1887 saw the establishment of the Military Mounted Police (MMP) for service at home and abroad, and in 1882 during the Egyptian War the Military Foot Police (MFP), manned by selected cavalry non-commissioned officers with experience as regimental police, was raised for service in Egypt. The MMP was similar to the "Cape Mounted Police" before the establishment of the Union of South Africa. The MFP did not, however, become a permanent corps for service within Britain until 1885 when the corps began to expand; and the MMP and the MFP became two distinct organisations, each with its own promotion rosters, but essentially all part of the same corps. During 1899 members of the MMP and MFP were sent to South Africa, where they earned three DCM's (Distinguished Conduct Medal) during the Second Anglo-Boer War.

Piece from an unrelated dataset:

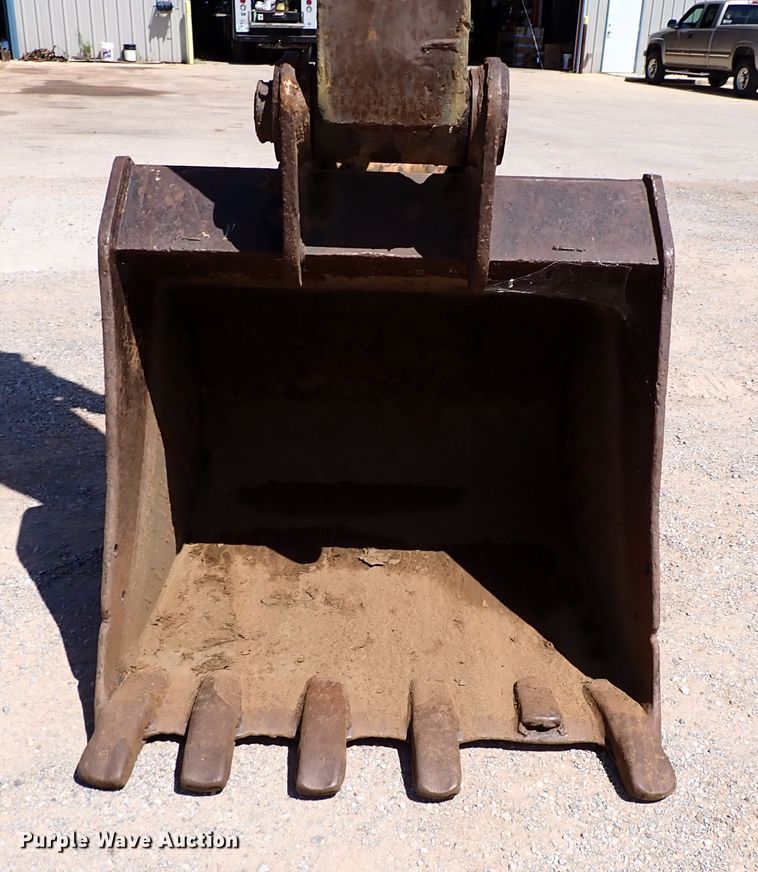 image for item IN9554 1998 John Deere 690 ELC  excavator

>>> The Corps of Military Foot Police was recruited from other corps and regiments of the British Army. The man had to be of good character and have at least one good conduct badge and have 4 years' service. There were no privates in the corps, each man transferred being raised to the rank of corporal.

>>> On the outbreak of war with the Boer republics in 1899, nearly all Britain's 300 military policemen were dispatched to South Africa. They went from MP units in the United Kingdom, Malta and Egypt, to be employed under the Provost Marshal on a wide range of duties over and above their peace time tasks. These included the supervision of civil police forces; the care of prisoners of war in transit to prisons and camps; the provision of guards for important places; the issue of permits and passes, and the confiscation of arms and ammunition.



That could be the answer to the large group on the voyage. They were *British* military police dispatched to SA.